Even the wee-est ones get how ridiculous that is.
So I simply said, "Jonah was afraid to do what God said (go to Ninevah and tell the people there they were being so naughty they would have to be punished). So he decided to disobey. Yep. He decided to hide from God."
I then asked the children who liked to play hide-and-seek. All hands went up.
"Have you ever picked a really bad hiding place? Like maybe this one." I put my hands over my eyes and said, "Okay, I'm hidden. I can't see you, so you can't see me either."
The kids laughed hysterically.
"Or how about this one?" I walked over to an itty bitty kiddy chair and crouched down, trying desperately to squeeze my entire jumbo adult body behind it. "Can you see me now?" The kids howled.
"Or maybe you've been here." I returned to center stage, carefully unfolded a paper bag, plopped it over my head and reached out with both hands, searching, groping, even becoming a little panicky and tearful as I fell to my knees. "Are you gone? Did you leave me? I can't find anybody so I must be all alone in this cold, dark, horrible place. Nobody's here but me. And I'm feeling lonely and scared all by myself. I wish ... I wish someone would help me."
Silence. To my surprise, there was no laughter this time. Not even one snicker. Something about being scared and lonely in a dark place had resonated with those 30 little people.

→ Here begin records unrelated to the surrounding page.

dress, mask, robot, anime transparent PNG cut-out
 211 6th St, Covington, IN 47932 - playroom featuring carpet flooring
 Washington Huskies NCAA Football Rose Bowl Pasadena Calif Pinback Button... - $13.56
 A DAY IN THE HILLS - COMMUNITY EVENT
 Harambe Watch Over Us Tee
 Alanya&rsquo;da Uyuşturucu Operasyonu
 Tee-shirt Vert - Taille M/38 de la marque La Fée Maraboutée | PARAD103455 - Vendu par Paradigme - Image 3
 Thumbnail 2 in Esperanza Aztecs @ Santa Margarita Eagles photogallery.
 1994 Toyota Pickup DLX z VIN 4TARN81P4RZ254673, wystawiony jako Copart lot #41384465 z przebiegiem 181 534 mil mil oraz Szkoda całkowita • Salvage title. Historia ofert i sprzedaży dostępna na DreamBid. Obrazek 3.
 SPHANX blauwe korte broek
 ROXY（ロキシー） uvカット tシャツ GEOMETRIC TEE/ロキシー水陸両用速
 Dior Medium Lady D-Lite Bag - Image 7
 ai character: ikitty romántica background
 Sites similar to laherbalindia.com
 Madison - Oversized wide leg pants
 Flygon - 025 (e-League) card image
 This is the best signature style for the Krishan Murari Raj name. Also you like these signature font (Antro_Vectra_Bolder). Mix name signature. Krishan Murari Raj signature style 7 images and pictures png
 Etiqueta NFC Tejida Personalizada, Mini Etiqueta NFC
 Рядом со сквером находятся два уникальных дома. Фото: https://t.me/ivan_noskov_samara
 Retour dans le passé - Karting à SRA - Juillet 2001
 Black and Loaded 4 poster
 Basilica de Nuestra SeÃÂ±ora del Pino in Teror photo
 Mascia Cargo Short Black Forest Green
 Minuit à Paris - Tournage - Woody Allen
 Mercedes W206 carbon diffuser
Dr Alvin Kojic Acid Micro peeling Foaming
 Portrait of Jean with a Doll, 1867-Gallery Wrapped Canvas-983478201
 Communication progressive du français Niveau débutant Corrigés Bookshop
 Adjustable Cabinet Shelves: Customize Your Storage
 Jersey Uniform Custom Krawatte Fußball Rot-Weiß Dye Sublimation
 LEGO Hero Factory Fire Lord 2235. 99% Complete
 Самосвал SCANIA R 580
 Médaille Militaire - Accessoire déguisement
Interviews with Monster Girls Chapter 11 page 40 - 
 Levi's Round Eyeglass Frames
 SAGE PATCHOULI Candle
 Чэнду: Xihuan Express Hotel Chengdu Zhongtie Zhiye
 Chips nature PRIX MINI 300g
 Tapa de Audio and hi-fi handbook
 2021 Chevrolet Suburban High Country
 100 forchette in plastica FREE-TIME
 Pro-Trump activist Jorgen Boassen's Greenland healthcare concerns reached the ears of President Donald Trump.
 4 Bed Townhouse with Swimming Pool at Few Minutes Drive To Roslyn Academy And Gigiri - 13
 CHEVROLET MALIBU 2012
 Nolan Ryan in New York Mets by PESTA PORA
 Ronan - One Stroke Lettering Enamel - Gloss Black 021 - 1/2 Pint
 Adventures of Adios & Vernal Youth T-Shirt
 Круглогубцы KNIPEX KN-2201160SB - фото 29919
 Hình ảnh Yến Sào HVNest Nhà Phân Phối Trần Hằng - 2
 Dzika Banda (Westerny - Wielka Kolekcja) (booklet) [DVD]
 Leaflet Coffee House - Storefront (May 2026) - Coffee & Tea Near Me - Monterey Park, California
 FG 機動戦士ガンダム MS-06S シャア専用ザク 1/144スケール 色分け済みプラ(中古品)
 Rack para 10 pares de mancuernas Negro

I hadn't expected this. Silence. So thick you could cut it with a meat cleaver. Maybe my acting was a little too good. As I continued waving my hands helplessly in the air, I wasn't sure what to do next. The kids were apparently identifying with me in my aloneness. With Jonah in his disobedience. With all humankind when we choose to dig a hole of disrespect to our Creator, then lie in it and cover ourselves up like a grave. Isolated. Frightened. Confused.
Then out of the unforeseen stillness, a little voice piped up. A warm little voice heavy with sympathy.
"It's OK, Miss Debbie. We're still here. Don't be afraid. You're not alone."
And then I heard footsteps mounting the small stage and felt a tiny hand take mine, and another and another reaching out to comfort me as dozens of little hands found my arms, my shoulders, my waist, surrounding me with comfort and hope.
So there I was, kneeling on a stage with a bag over my head and a huge lump in my throat, swarmed by a hoard of uninhibited children who even at an extremely young age, understood what it felt like to be alone in disobedience and separated from God and didn't want it to happen to me.
I was incredibly moved. It was one of those rare teachable moments that knock your well ordered world off its axis and crack open the door for a peep into a completely different spiritual realm.
So from now on, I suspect Jonah's story will hold new meaning for me. Maybe I should carry a head bag around with me all the time.